In einem Interview warf TEPCO-Chairman Katsumata allerdings die Frage auf, ob man die TEPCO-Beschäftigten hätte zwingen können, im AKW weiterzuarbeiten, wenn ihr Leben unmittelbar bedroht gewesen wäre. Katsumata ging es dabei wohl primär um die Rechtfertigung von TEPCOS Überlegungen sein Personal vom havarierten AKW abzuziehen. Tatsächlich aber ist diese Frage ein Beleg für den menschenverachtenden Charakter der Kernkraft, die im Schadensfall derartige Überlegungen nötig macht.

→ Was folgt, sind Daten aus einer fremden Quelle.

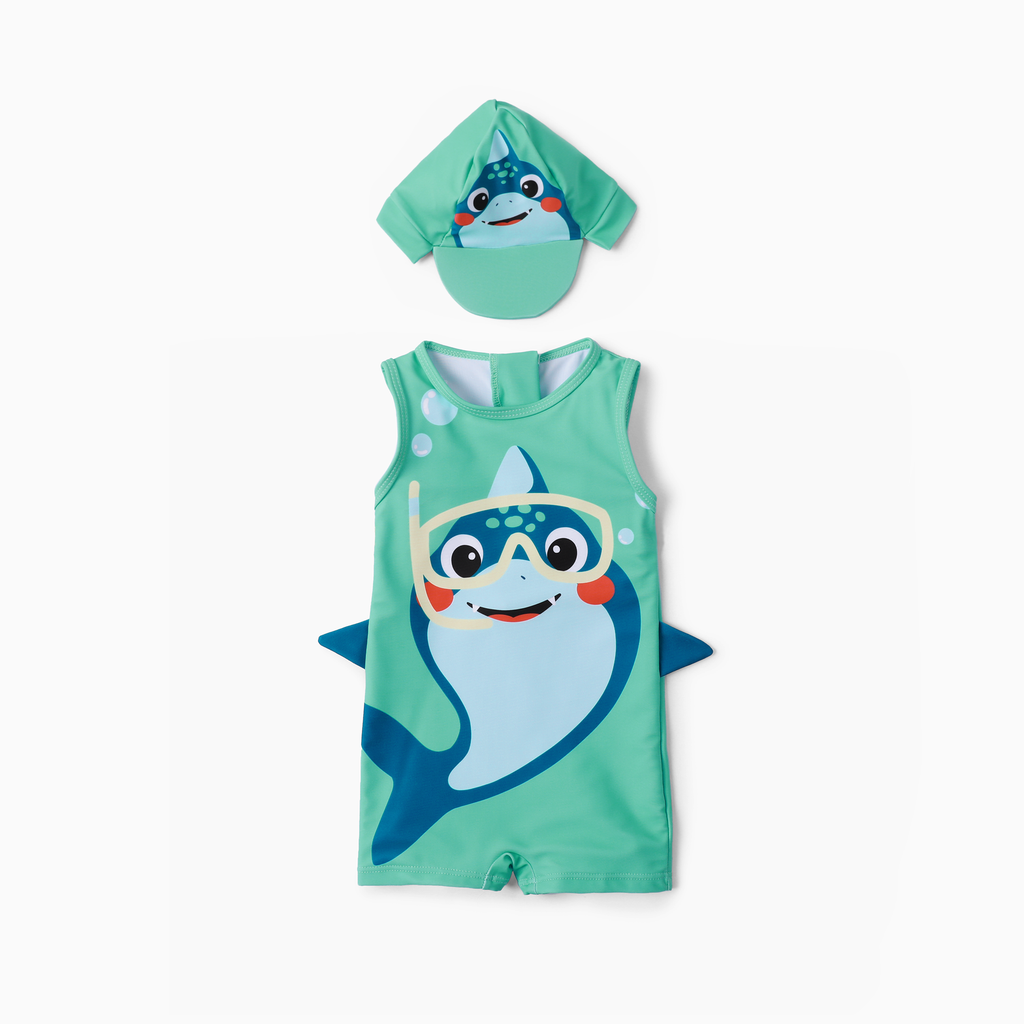Adorable toddler swimsuit with 3D design and matching hat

Menschengemachte Katastrophe

Eine große Rolle spielt in den Berichten die Frage, ob die Reaktoren des AKWs schon beim Erdbeben oder erst durch den Tsunami beschädigt wurden. Die drei Kommissionen kommen hier zu drei Einschätzungen, von wahrscheinlicher Beschädigung bis zu wahrscheinlicher Nichtbeschädigung. Klären lässt sich das erst, wenn der Zugang zum jetzt noch hoch verstrahlten Reaktorkerngehäuse möglich ist, was noch Jahre dauern wird. Sollten schon die Kerngehäuse beim Erdbeben beschädigt worden sein, hätte dies Konsequenzen für die Sicherheit aller Kernreaktoren in Japan, zumal die meisten auf oder in unmittelbarer Nähe von aktiven Erdbebenspalten stehen. Es wäre dies ein ganz starkes Argument für den raschen Ausstieg aus der Kernenergie.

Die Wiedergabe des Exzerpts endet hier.